Brak wiary w dublerów
Dobra gra tych zawodników to plus, ale tak dobra gra wynika z tego, że spędzają ze sobą mnóstwo czasu na parkiecie. Pierwsza piątka Wolves gra ze sobą średnio 21,6 minuty na mecz. Żadna inna piątka w NBA nie gra razem więcej niż 20 minut.
Zach LaVIne, Andrew Wiggins i Karl-Anthony Towns są w pierwszej dziesiątce zawodników pod względem średniej minut. Każdy z nich gra powyżej 36 minut. Z kolei Rubio i Gorgui Dieng również grają powyżej 30 minut. Dla porównania San Antonio Spurs mają tylko dwóch graczy powyżej 30 minut, a gdy trzy lata temu zdobywali mistrzostwo nie mieli ani jednego gracza w sezonie zasadniczym ze średnią 30 minut.
To oczywiście pokłosie braku klasowych zmienników. Tom Thibodeau w swoim pierwszym sezonie jako zarządca drużyny, nie tylko trener, nie postarał się o uzupełnienie składu dla młodych gwiazd. Regularnie w rotacji grają tylko Kris Dunn, Shabazz Muhammad i Nemanja Bjelica. Poza tą trójką z rezerwowych tylko Cole Aldrich zagrał w 40 meczach, reszta nie przekroczyła 30 i powodem braku ich gry nie były kontuzje, a decyzje trenera.
Thibodeau zatem dał ciała. Trzej gracze ściągnięci przez niego tego lata to Brandon Rush, Cole Aldrich i Jordan Hill. Wspólnie uzbierali mniej niż 700 minut od początku rozgrywek. Oczywiście Wolves muszą być przygotowani na to, że w niedługim czasie zaleją ich problemy z wysokimi kontraktami młodych gwiazd, ale bez dobrych zmienników nic w tej lidze nie osiągną.
Thibodeau musi zatem lepiej przepracować najbliższe lato.
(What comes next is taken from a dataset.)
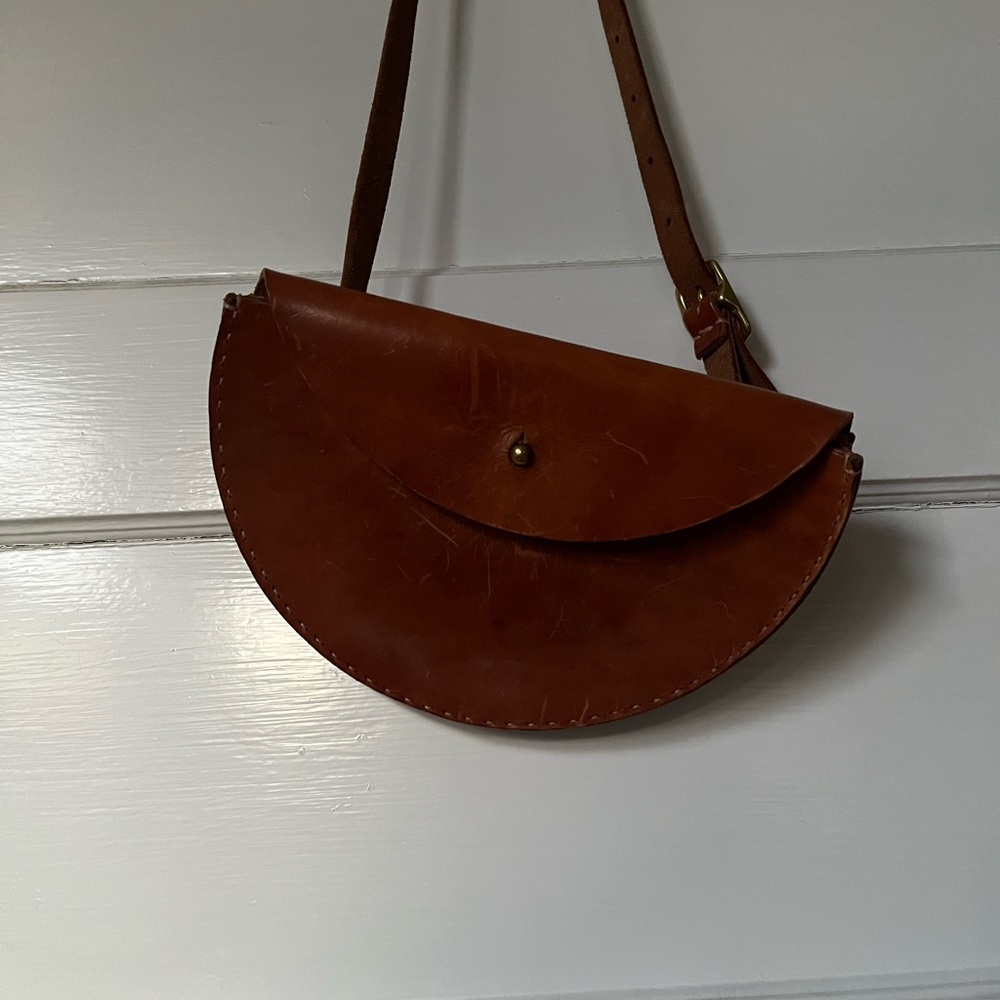 Tree Fairfax extended half moon bag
Ciekawych nazwisk nie zabraknie na rynku. Nie ma co się łudzić, że Wolves powalczą o największe nazwiska, ale do uzupełnienia ławki rezerwowych powinni znaleźć dobrych wolnych agentów.
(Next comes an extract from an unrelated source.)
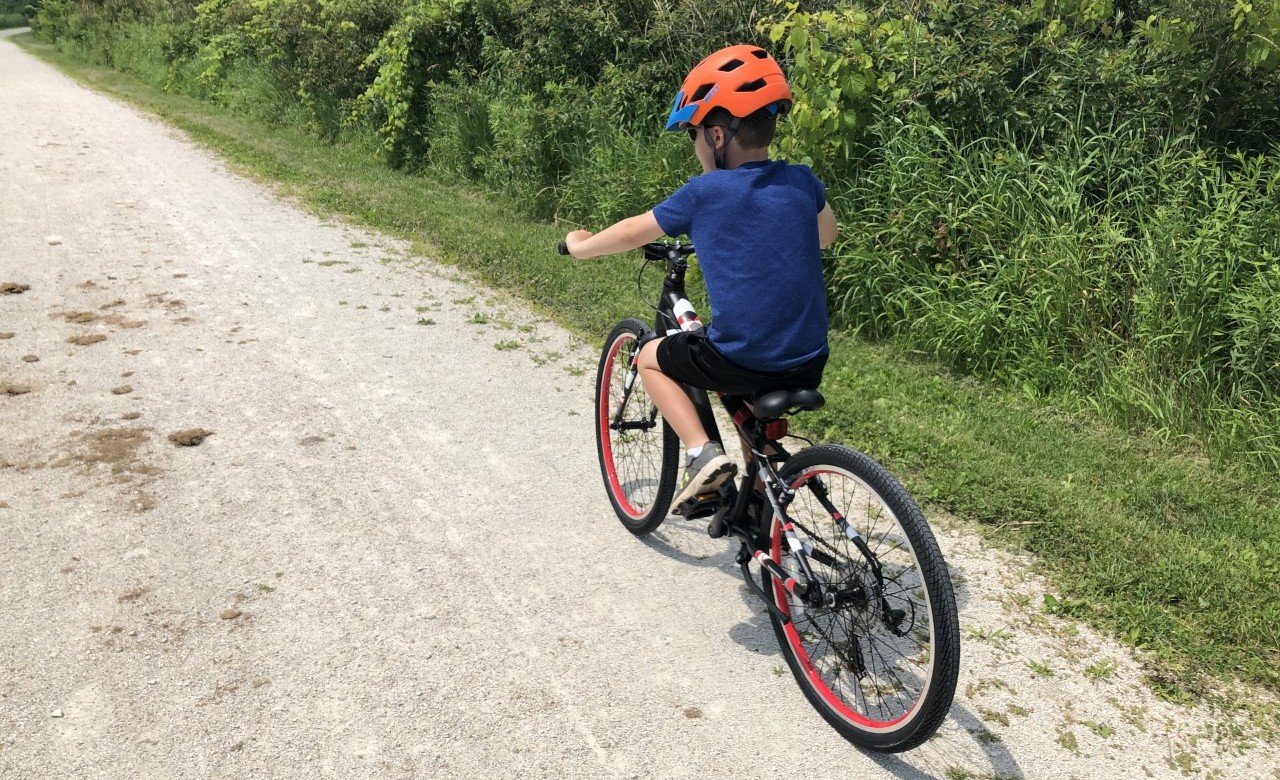 Deček z 24 colskim kolesom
Dostępni będą choćby Patty Mills, Shaun Livingston, Darren Collison, Thabo Sefolosha, P.J. Tucker, Jeff Green, Ersan Ilyasova, Amir Johnson, Terrence Jones, Nene czy Zaza Pachulia. Tylko Thibodeau będzie musiał zaufać większej liczbie graczy. A patrząc na to jak pracował wcześniej w Chicago Bulls, szanse na to nie są zbyt duże.